--- TASK INSTRUCTIONS ---
Drop all images. Then write out each line below exactly as given.

--- SUPPLIED INFORMATION ---
****************
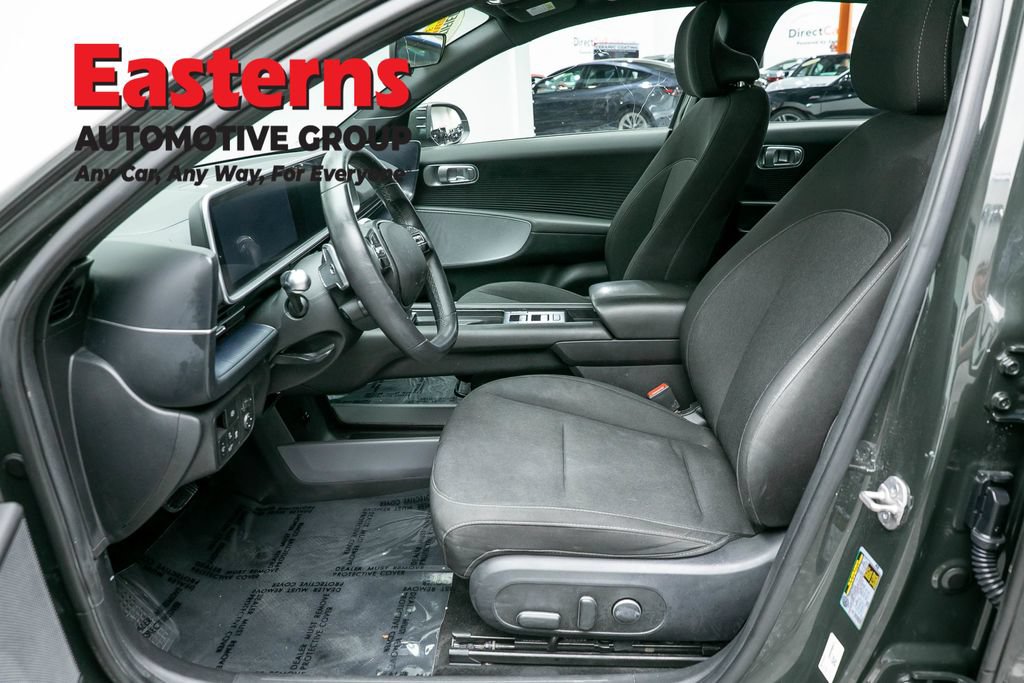 Used 2024 Hyundai Ioniq 6 SE RWD image 14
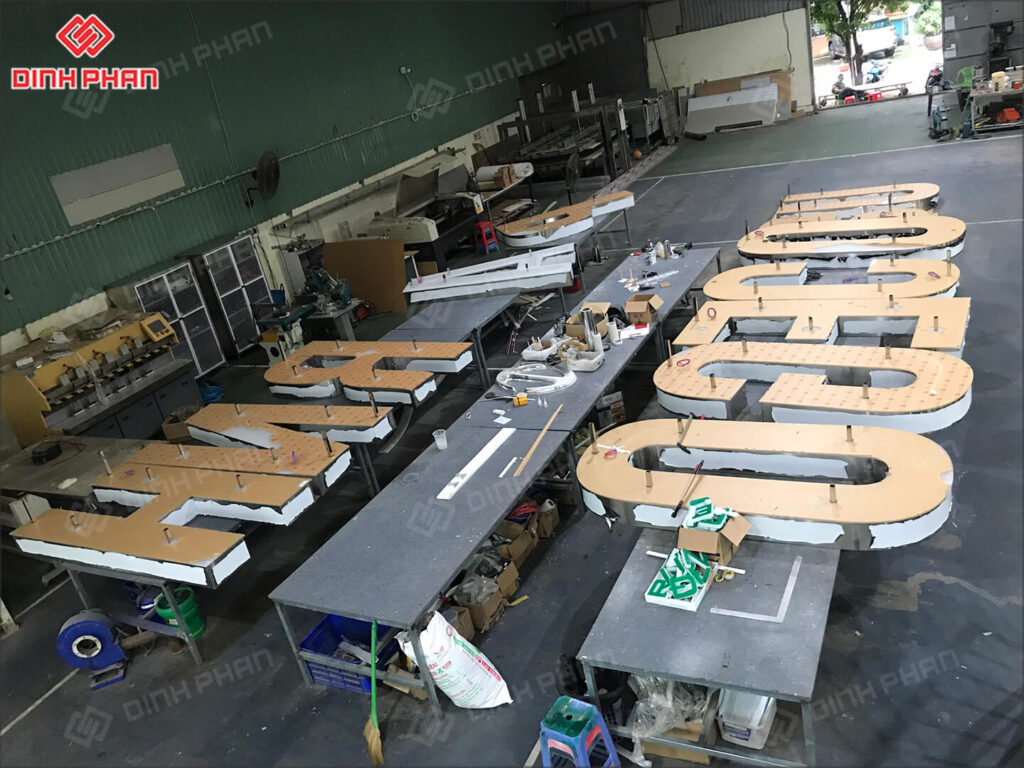 Chu mica hong inox 1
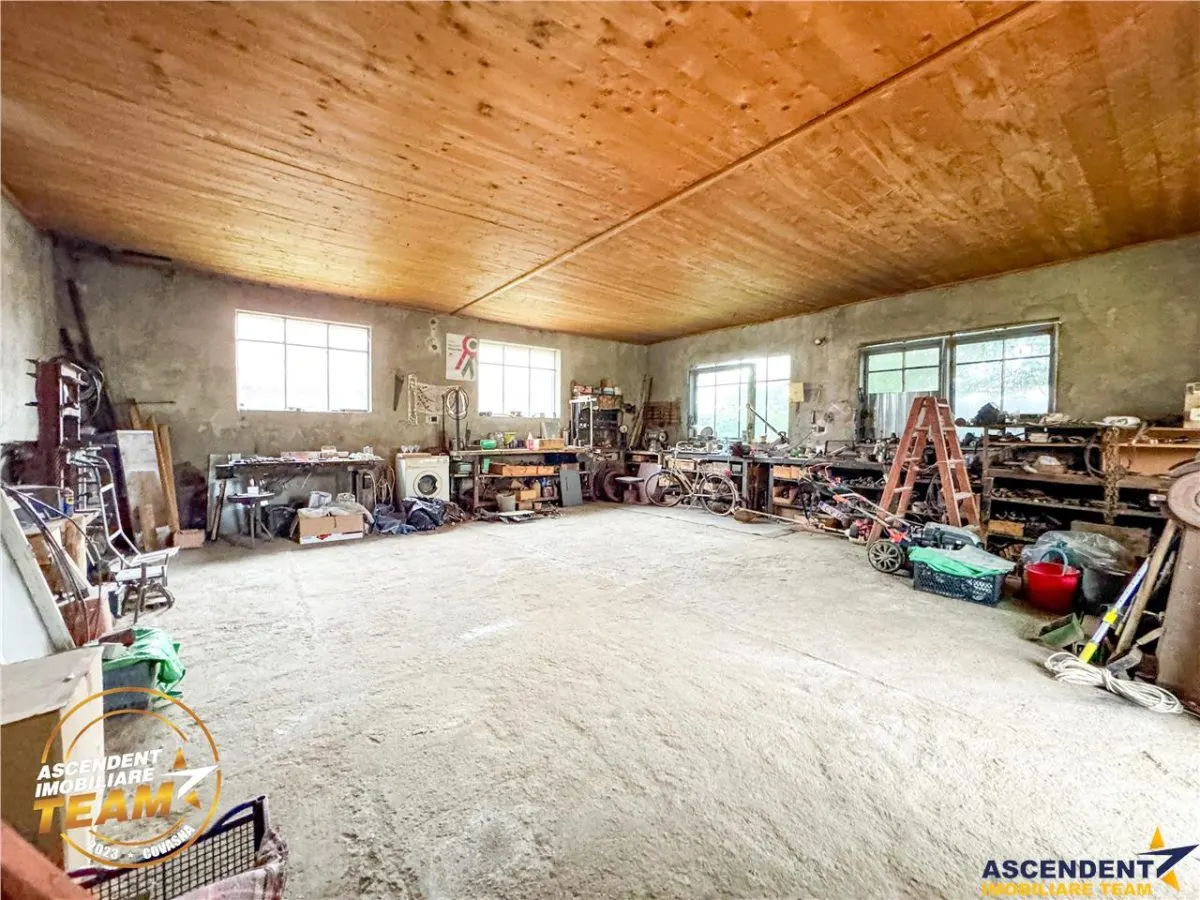 FILM!  2 case,domeniu de 1.660mp, cu atelier,anexe,Lemnia,Covasna - foto 22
****************
--- EXERCISE OUTPUT ---
 Used 2024 Hyundai Ioniq 6 SE RWD image 14
 Chu mica hong inox 1
 FILM!  2 case,domeniu de 1.660mp, cu atelier,anexe,Lemnia,Covasna - foto 22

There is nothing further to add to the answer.